Circumstances when notice is not be required in order to render secondary evidence

Secondary proof of the substance of the records alluded to in Section 65 (a), will not be given except when the party proposing to give such optional proof has recently given to the party in whose belonging or force the report is, or to his lawyer or pleader, such notification to deliver it as is recommended by law; and if no notification is endorsed by law, such notification as the Court cobbles together. 

Considering that such notification won’t be needed to convey secondary confirmation in any of the first examples, or in any other situation where the Court considers it fitting to do as such:

  • When the archive to be demonstrated is itself a notification. 
  • When from the idea of the case, the unfriendly party should realize that he will be needed to create it. 
  • When it shows up or is demonstrated that the unfavourable party has gotten ownership of the first by misrepresentation or power. 
  • When the unfavourable party or his representative has the first in Court. 
  • When the unfavourable party or his representative has conceded to the deficiency of the record; 
  • When the individual possessing the report is far off, or not exposed to, the course of the Court.

Admissibility of electronic evidence

There is a major challenge that is faced by the traditional rules for authentication of documentary evidence when it is electronic evidence that is presented. The general rules that are applicable with regard to the presentation of primary and secondary evidence for hard copy paper documents pose a difficulty in application towards electronic evidence. Thus, there was an addition by way of amendment to the Indian Evidence Act, 1872, to include the mechanism of providing a certificate under Section 65(b)(4) for authentication of digital evidence. It was held in Arjun Panditrao Khotkar v. Kailash Kushanrao Gorantyal that there is a mandate to provide 65(b) (4) certificates for admission of electronic documents if the original document is not provided through documents/ device owner’s personal authentication as a witness.

Latest judgment allowing evidence to be produced without application

In the latest case of Dhanpat v Sheo Ram (Deceased) through Lrs. & Ors., the Supreme Court held that there was no necessity as per the condition of Section 65(c) of the Indian Evidence Act to file an application while adducing secondary evidence. It was also held that there can be no denial by the court to consider secondary evidence on the premise that the application for authorization to lead secondary evidence had not been filed. 

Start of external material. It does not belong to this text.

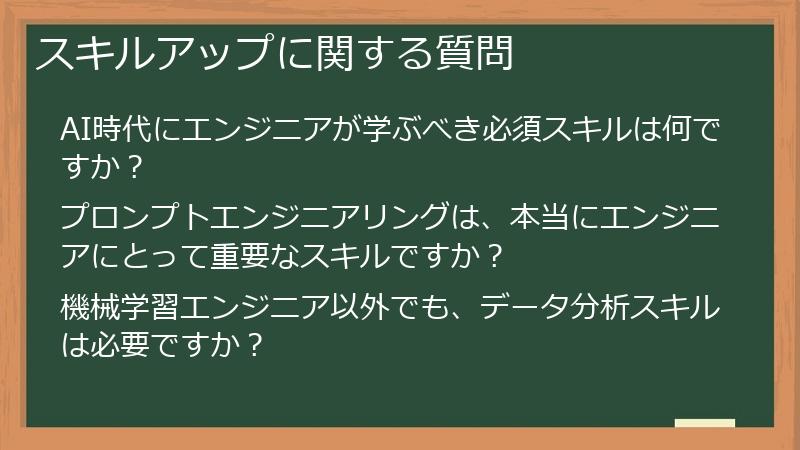 スキルアップに関する質問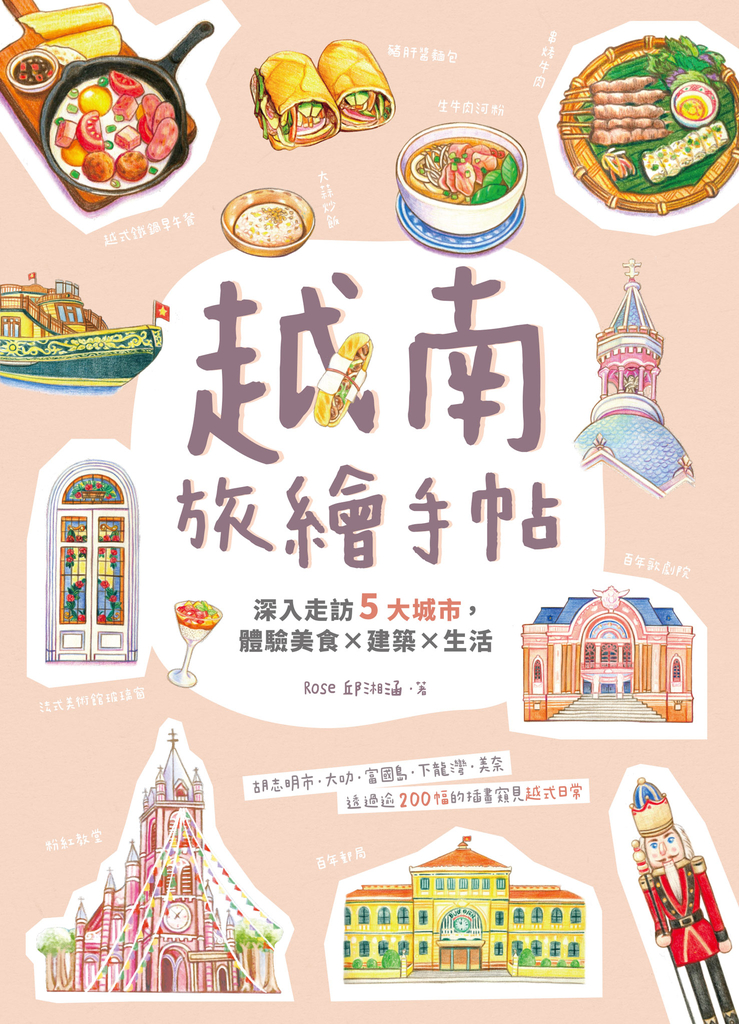 越南旅繪手帖:深入走訪5大城市,體驗美食x建築x生活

Usually, as per general practice, lawyers file an application when they have to adduce any evidence to lead on record. However, in the present case, the original will had been lost and a copy of the same was filed as secondary evidence. This was objected to by the opposite party since it had not been filed with the application for authorization for producing the document as secondary evidence. 

No case is made when failed to prove the execution of an original document

The High Court followed the ratio in the case of J. Yashoda vs. Smt. K. Shobha Rani and H. Siddiqui (dead) by lrs. vs. A. Ramalingam and came to the conclusion that the defendant failed to prove the existence and execution of the original documents and also failed to prove that he had ever handed over the original of the disclaimer letter to the authorities. Hence, the High Court is of the view that no case is made out for adducing the secondary evidence.


Providing primary evidence in all cases is the general principle of law. However, secondary evidence is also admissible. It is that evidence that can be given in a few instances wherein there is an absence of better evidence. The general principle and law are that secondary evidence cannot be adduced till the time primary evidence is not produced. Secondary evidence and filing of an application seeking permission to lead secondary evidence would not be mandatory. However, an application for leading secondary evidence by a party is not precluded.